Samsung uses BSPDN technology for 2nm chips

Samsung is planning to use a technology called Backside Power Supply Network (BSPDN) to develop 2nm, which was actually just last week by researcher Park Byung-Jae at Samsung. New technology was introduced at SEDEX 2022.

In a nutshell, this approach gives an alternative to process indentation and 3D packaging: developing the backside of the wafer.

In the foundry market, technology is evolving from high-k metal gate planar FETs to FinFETs to MBCFETs and now BSPDNs, Park said.

The FinFET (called 3D transistor in the past), which is mainly used at this stage, is a key chip design technology in the development of the 10nm process. It adopts a three-sided clad gate design, which can surround the current channel on three sides. Reduce leakage (electron leakage), but the development of 5nm or even 3nm process means that FinFET will be outdated, so the industry has developed a four-sided all-gate or GAA technology.

The factory then added what it calls nanosheets instead of nanowires to this, and dubbed the technology MBCFETs. But the BSPDN to be said here is different and can be understood as an evolution of the chiplet design used by Samsung, Intel, and TSMC.

With the chiplet technology solution, we can apply the same process on a single chip, or connect various chips manufactured by different processes from different foundries. This is also the technical solution adopted by Intel's 14th-generation Core and AMD Ryzen. It is also called For 3D-SoC, logic circuits and memory modules can be combined together at the same time.

According to reports, BSPDN is different from the front-end power supply network, which mainly uses the back-end; the front will have logic functions, while the back will be used for the power supply or signal routing.

The concept of BSPDN was first proposed at IMEC in 2019 when a 2nm paper citing the technology was also published at IEDM in 2021.

In this Korean paper titled "SRAM Macro and Logic Design and Optimization for Back-End Interconnects Using 2nm Processes", the author proposes to move functions such as the power supply network to the back of the chip to solve the problem of wiring congestion caused by using only the front side. Compared to FSPDN, BSPDN is said to provide 44% better performance while increasing power efficiency by 30%.

Eric Beyne, Senior Fellow, Vice President of R&D, and Program Director of 3D Systems Integration at Imec, said: "A chiplet involves a chiplet that is individually designed and processed. A well-known example is high-bandwidth memory (HBM) - also known as dynamic random access. A stack of memory (DRAM) chips. This memory stack is connected to the processor chip through an interface bus, which limits its use to latency-tolerant applications. As a result, the chiplet concept will never allow fast access to and from mid-level cache memory."

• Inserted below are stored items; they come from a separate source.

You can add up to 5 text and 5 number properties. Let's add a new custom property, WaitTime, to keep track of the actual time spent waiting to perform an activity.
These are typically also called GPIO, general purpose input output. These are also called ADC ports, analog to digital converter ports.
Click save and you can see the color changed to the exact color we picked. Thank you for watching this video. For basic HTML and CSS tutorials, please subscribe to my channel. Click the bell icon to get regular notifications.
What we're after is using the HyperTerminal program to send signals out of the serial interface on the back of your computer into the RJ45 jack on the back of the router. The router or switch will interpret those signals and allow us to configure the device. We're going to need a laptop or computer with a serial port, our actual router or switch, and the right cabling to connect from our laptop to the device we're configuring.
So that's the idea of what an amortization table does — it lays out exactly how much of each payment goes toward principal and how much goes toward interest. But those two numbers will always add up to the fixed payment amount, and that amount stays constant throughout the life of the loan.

With 3D-SOC integration, we can implement logical partitioning of memory using direct and shorter interconnects, resulting in significantly improved performance. In the paper, the authors show an optimized implementation of a 3D-SOC design with memory macros at the top of the Die and the rest of the logic at the bottom of the Die a full 40% increase in operating frequency compared to a 2D design.

One possible partition of a high-performance 3D-SOC system involves placing some or all of the memory macros at the top of the Die and logic at the bottom of the Die.

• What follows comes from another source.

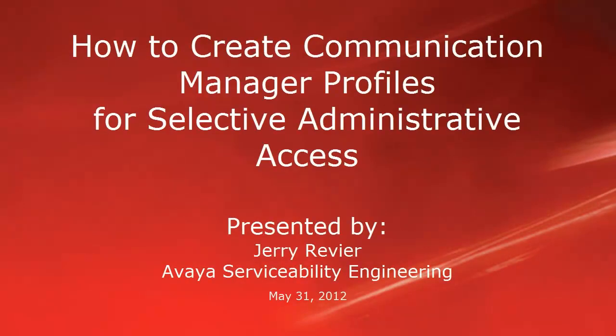Greetings, this is Jerry Revere from the Avaya Serviceability Engineering team. This video will detail how to create Communication Manager profiles for selective administrative access.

On the technical side, this can be achieved by bonding the active front side of the "logic wafer" to the active front side of the "memory wafer" using low-temperature wafer-to-wafer bonding. In this configuration, the original backsides of both wafers are now outside the 3D-SOC system.

Eric Beyne said: “We can now consider utilizing the 'free' backside of these chips for signal routing or directly powering transistors in the 'logic wafer'. Traditionally, signal routing and power delivery have occurred on the front side of the wafer, where they are Competing for space in complex back-end interconnect schemes. In these designs, the backside of the silicon is used only as a carrier. In 2019, Arm's simulations showed for the first time the beneficial effects of using BSPDN in a CPU) design implemented by imec Developed 3nm process. In this design, the interconnect metal on the backside of the wafer thinning is connected to the 3nm transistors on the front side of the silicon wafer using through-silicon vias (TSVs) on buried power rails.

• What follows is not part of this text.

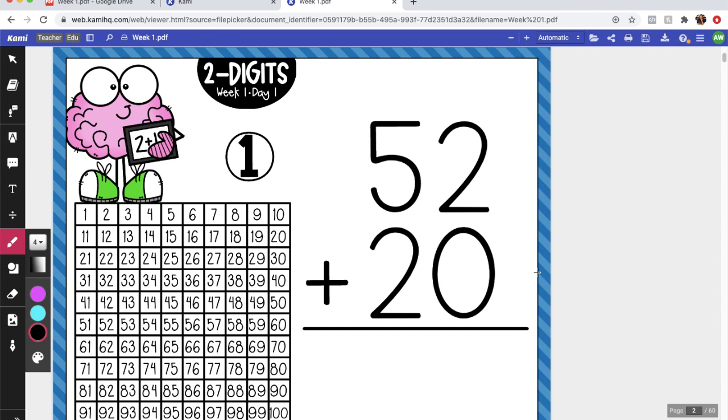Okay, make sure that you write it nice and neat. I'm gonna say the numbers really slowly: 5, 2, and then underneath it you're going to need a plus sign and 2, 0. Make sure your numbers are lined up. Remember we can turn our paper sideways too if you're struggling to line your numbers up. 52 plus 20. And then hold it up to the screen so that I can see it. Great job, great job! You guys have 52 plus 20.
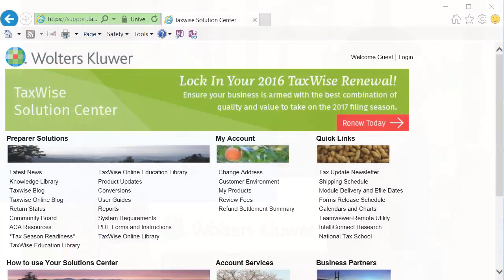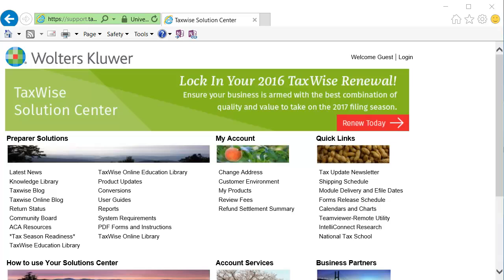To begin, click the Knowledge Library link on the TaxWise Solution Center homepage.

Therefore, additional performance gains can be expected when the BSPDN is implemented to provide power-hungry core logic at the bottom of a "logic memory" 3D-SOC. Alternative 3D-SOC partitions can also be considered, where some memory blocks, such as L1-level cache static random access memory (SRAM), are also in the bottom die, also powered from the backside.

In addition to expanding the possibilities of 3D-SOC designs, BSPDN has also been proposed for monolithic single-chip logic and SRAM system-on-chip (SOC), which can aid further device and IC expansion.

Geert Van der Plas, project manager at imec, said: "Moving the power supply network to the backside of the silicon has proven to be an interesting approach to address back-of-the-line (BEOL) routing congestion challenges and reduce IR drop. This is a very similar approach to the 3D-SOC approach. The main difference is that the dummy wafer is now bonded to the target wafer for backside wafer thinning and metallization." One of imec's partners announced at the time that it would be implemented in one of its future node chips Such as a BSPDN concept.